ツール・ド・フランス2022 第20ステージ個人TTはヴァンアールトが今大会3勝目
フランスで開催中の第109回ツール・ド・フランス(UCIワールドツアー)は、7月23日にラカペル・マリヴァルからロカマドゥールまでの40.7kmで個人タイムトライアルを競い、マイヨ・ベールを着たベルギーのウァウト・ヴァンアールト(ユンボ・ヴィスマ)が下馬評通り優勝し、今大会3勝目を上げた。
区間2位には19秒遅れでマイヨ・ジョーヌを着たデンマークのヨーナス・ヴィンゲゴー(ユンボ・ヴィスマ)が入り、総合優勝に王手をかけた。区間3位は27秒遅れでマイヨ・ブランを着たスロベニアのタデイ・ポガチャル(UAEチーム・エミレーツ)だった。

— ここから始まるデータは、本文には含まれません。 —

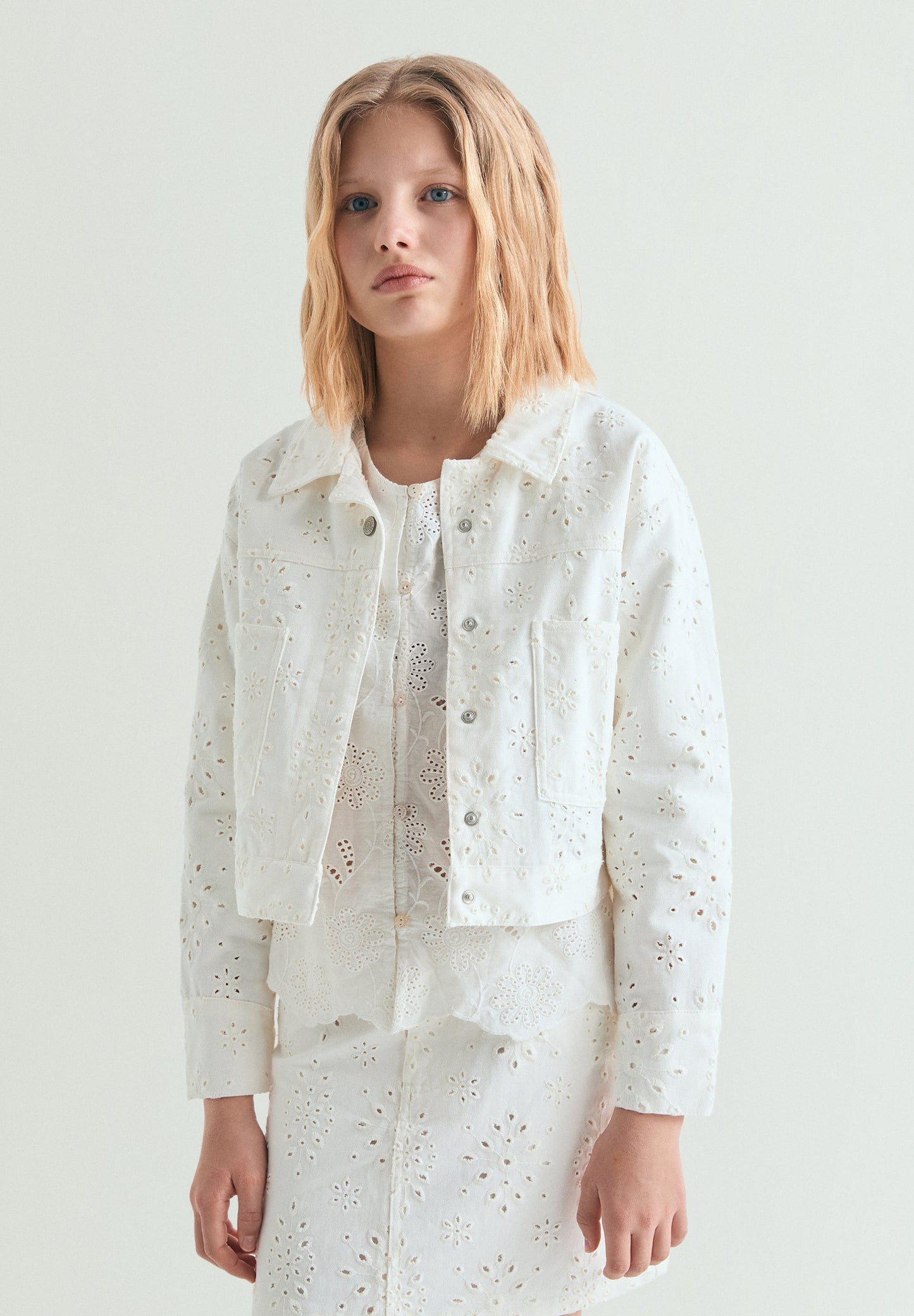 CHAQUETA PERFORADA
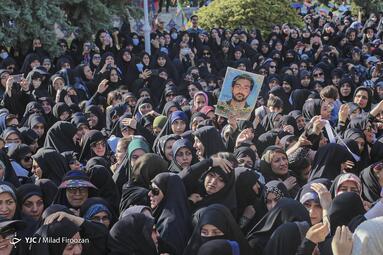 پیکر مطهر شهید تازه تفحص شده عیسی شجاعی در کرج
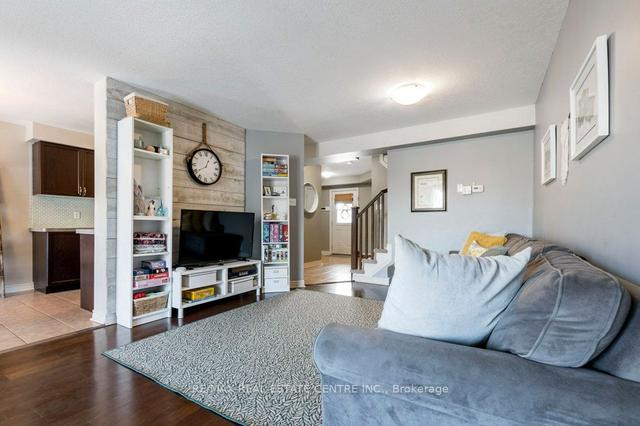 32 Wilkie Cres, House attached with 3 bedrooms, 4 bathrooms and 2 parking in Guelph ON | Image 39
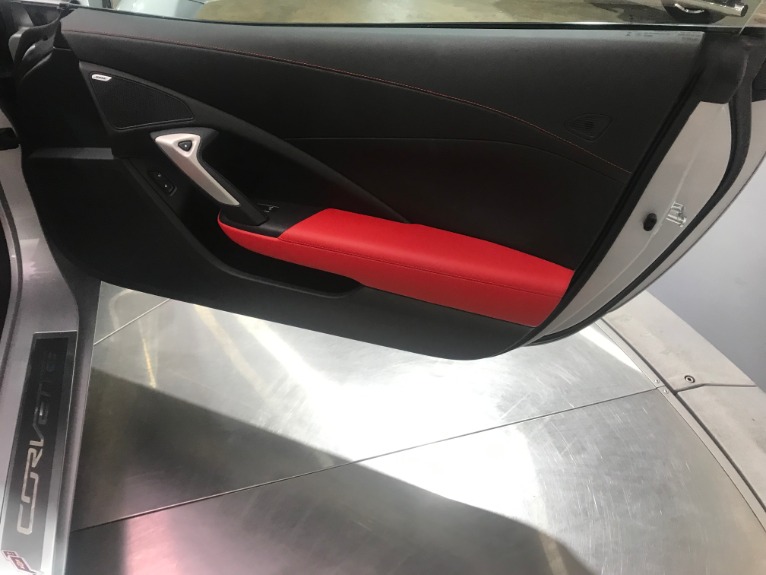 Used-2015-Chevrolet-Corvette-Stingray-RWD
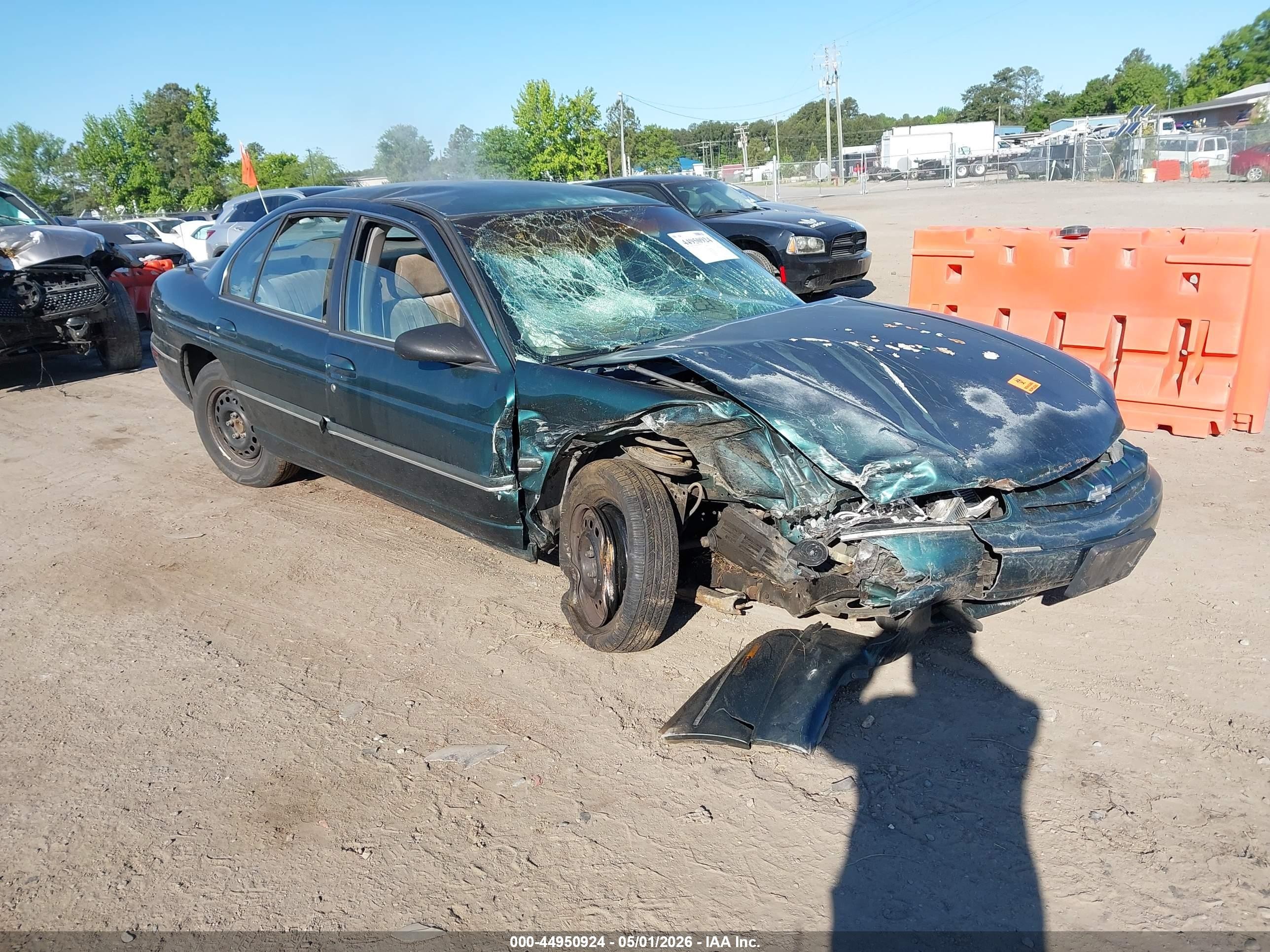 2001 Chevrolet Lumina, VIN 2G1WL52J611270028 — Front end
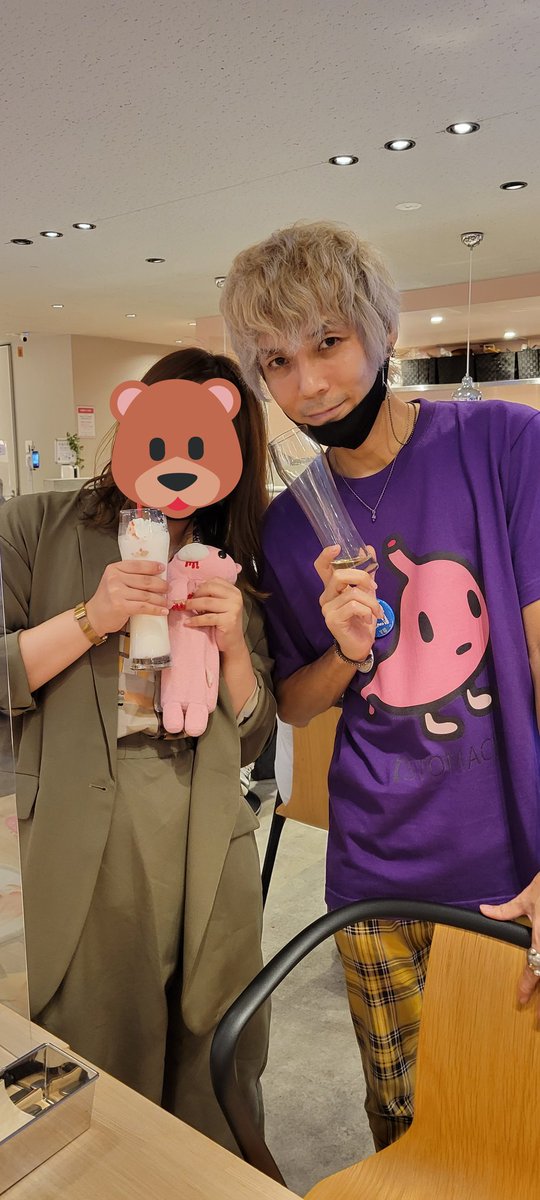 azunyan26's tweet photo. HTZ18ぶりに参戦しました🐰
18の時、好きすぎて卒業論文にグルーミー載せました!!提出がっ!!!って余裕なかったんですが、
今日は落ち着いて参加出来たし、グルーミーめっちゃ可愛いし、幸せ空間でした😭😭
一人で参戦だったので緊張しましたが、すごく楽しかったです🧸
#グル〜ミ〜
#gloomybear
#HTZ22 https://t.co/Gpfe4arF1d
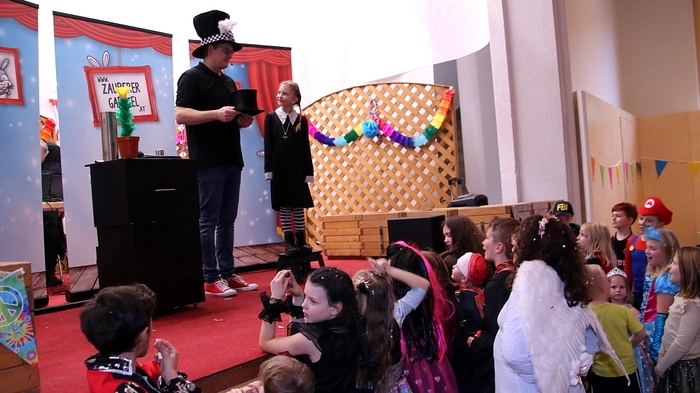 Die Kinderfreunde Rosental mit Obmann Oliver Klopschitz luden zum traditionellen Kindermaskenball und der Festsaal war bis auf den letzten Platz gefüllt.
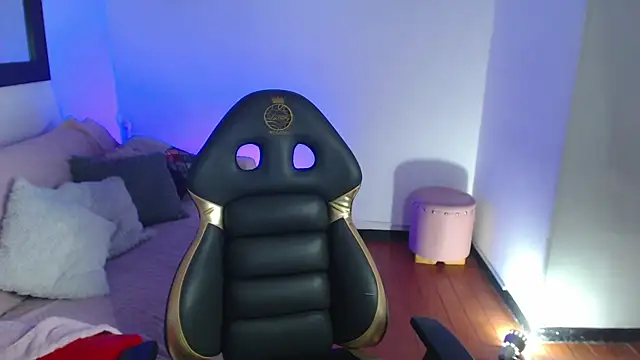 _Charlotte_Collins_'s cam snapshot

第20ステージは138選手が出走。ベルギーのナタン・ヴァンホーイドンク(ユンボ・ヴィスマ)は家族の事情でスタートしなかった。このステージはTT世界チャンピオンであるイタリアのフィリッポ・ガンナ(イネオス・グレナディアズ)とヴァンアールトの戦いになるだろうと予想されていた。
先にスタートしたガンナは、平均時速50.2km/hで48分41秒のトップタイムを叩き出し、予想通りホットシートに収まった。彼がもし優勝すれば、1965年にフェリーチェ・ジモンディがパリで行われた38kmの個人タイムトライアルで優勝して以来の、イタリア人個人タイムトライアル勝者(プロローグは除く)になるはずだった。
しかし、117番目にスタートしたヴァンアールトは、ガンナのタイムを何と42秒も上回り、平均時速50.9km/hで47分59秒のトップタイムを出した。これで彼の今大会3勝目は確実かと思われた。ところが、最終走者だったマイヨ・ジョーヌのヴィンゲゴーが、第1計測地点でヴァンアールトのタイムを8秒も上回り、彼の区間優勝を脅かす存在になってしまった。
マイヨ・ジョーヌの力を借りたヴィンゲゴーは、ゴールまで残り8.2kmの第3計測地点までトップタイムを出し続けたが、最後は失速し、結局19秒遅れの区間2位でゴールし、ヴァンアールトの勝利が確定した。ゴールにはヴィンゲゴーのガールフレンドと娘が待ち構え、総合優勝を確実にした喜びを家族で分かち合った。彼は表彰台に娘を抱きかかえて上がったが、初めて感染予防対策のマスクを付けていなかった。
■区間3勝目を上げたヴァンアールトのコメント
「感動している。チームとしてツール・ド・フランスに勝つのは本当は特別だ。今日も夢のようなシナリオだった。ヴィンゲゴーはそれだけ強い奴だが、同様に良い奴だ。この特別な3週間のために、チームメイト全員とチーム全体に感謝する。信じられないよ」
■総合優勝に王手をかけたヴィンゲゴーのコメント
「(ツールで勝つ事は)ボクにとって全てを意味する。本当に信じられない。言葉にするのが難しいよ。それは自転車競技で最大の勝利だ。フィニッシュラインでボクの2人の女の子たち(ガールフレンドのトリーネと娘のフリーダ)と一緒だったのは、ボクにとって更に意味があった。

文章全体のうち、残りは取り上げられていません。